We have so many Family Dollars here because the people who live here can’t afford better stores. They can’t afford better stores because they don’t have better jobs that treat them with respect or pay them enough for a decent life. Those jobs don’t exist because we’re dependent on subsidizing ever fewer corporations to attract business, who vacuum up greater shares of profit from outside the community, and most local families won’t see any of it. Maybe then you’ll start to imagine why something like this might be stolen in the first place.
Now how convenient would it be if we just said that someone would steal deodorant because of some mysterious criminal pathology that we quietly assume has something to do with the people that live there. Which brings me to the police bills still sitting in perfection, presumably because the County might get it for “free” from the state ARPA funds. While you might think that getting free funding for more cops and a wider network of surveillance cameras is harmless, I’m here to tell you that it is not.
Think about this $1.25 stick of deodorant, and then think about how much it costs to hire a police officer to sit in his car in the parking lot all day, ready to take someone down for trying to steal some.
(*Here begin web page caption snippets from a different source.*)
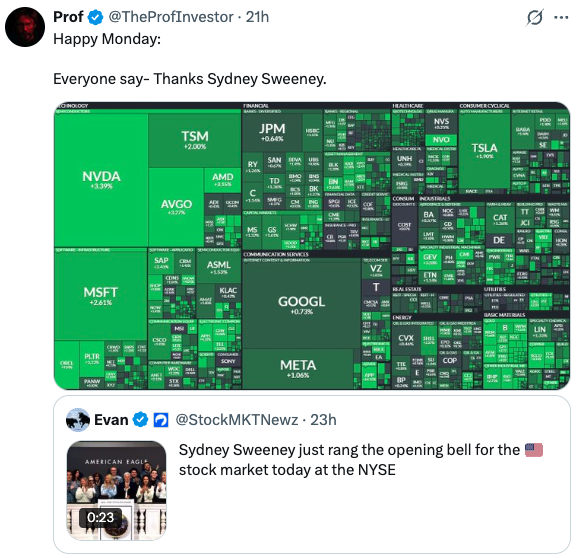 1/ The Dow is dodging a data deluge. Novo Nordisk is taking copycats to court. Alphabet is loading up on debt to keep the AI dream alive. We’re sifting through the noise so you don't have to.

Here’s your Market Briefing 👇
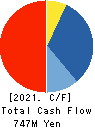 Horiifoodservice Co.,Ltd. Cash Flow Statement 2021年3月期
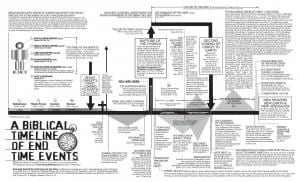 complicated endtimes diagram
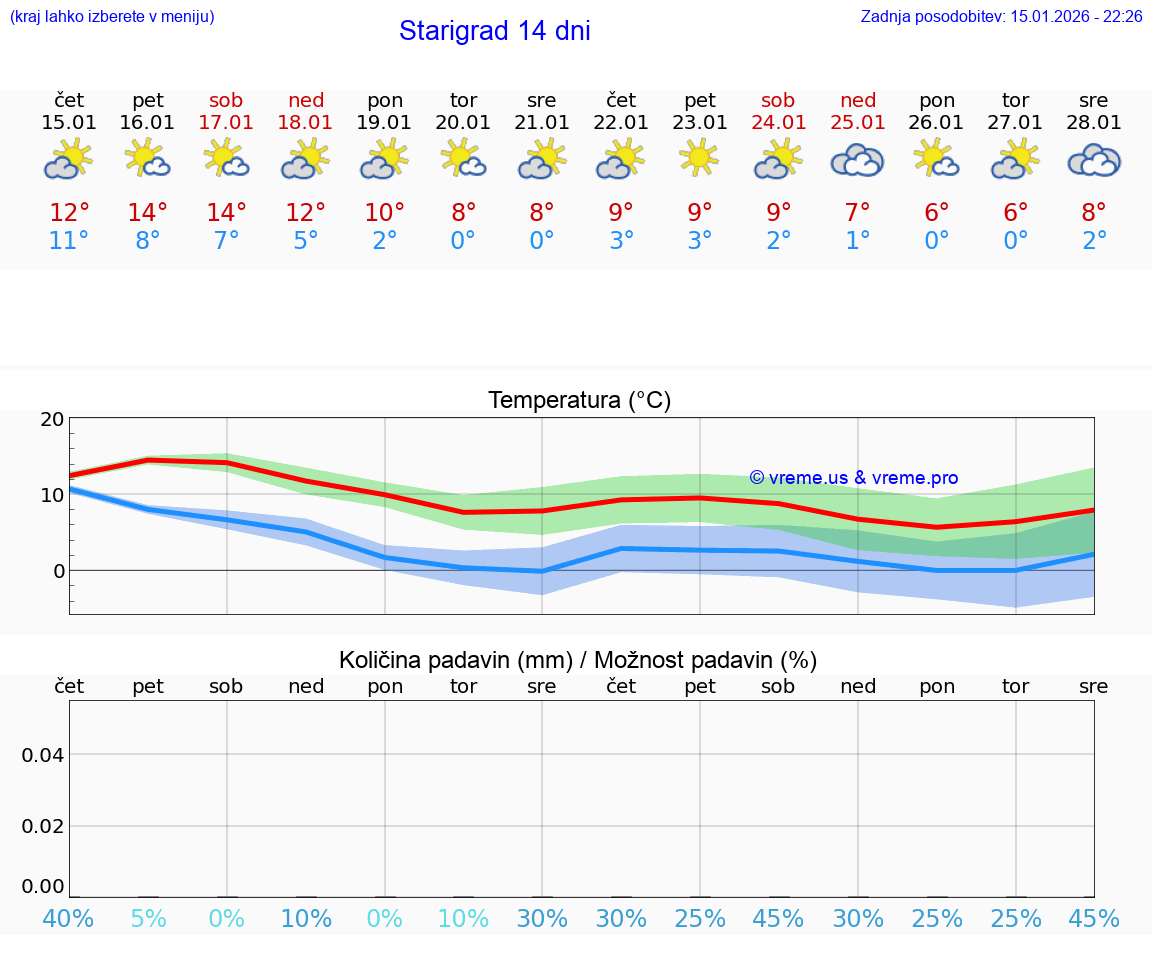 VREME 15 DNI Starigrad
Not to be confused with a school shooting where he and over a dozen officers will stand outside, mace the parents, rescue their own children, and then do nothing for an hour. Now think about how difficult your life would have to be to feel like taking the risk of being caught stealing is worth it for hygiene products. I promise you that it would cost less money just to provide food and hygiene to everyone who needs it, and it’s almost certainly going to have a stronger impact on the crime rate. Because if police spending made us safe, then you would think the safest country in the world is the one that spends more on it than all countries spend on their military except for that of the US, by a wide margin, and China, a country of 1 billion people.
Now you see how a single object can say profound things about what a society’s values are and how it chooses to allocate its resources. You don’t need to fund a million-dollar grant to figure out what we actually need if we’re honest about our priorities.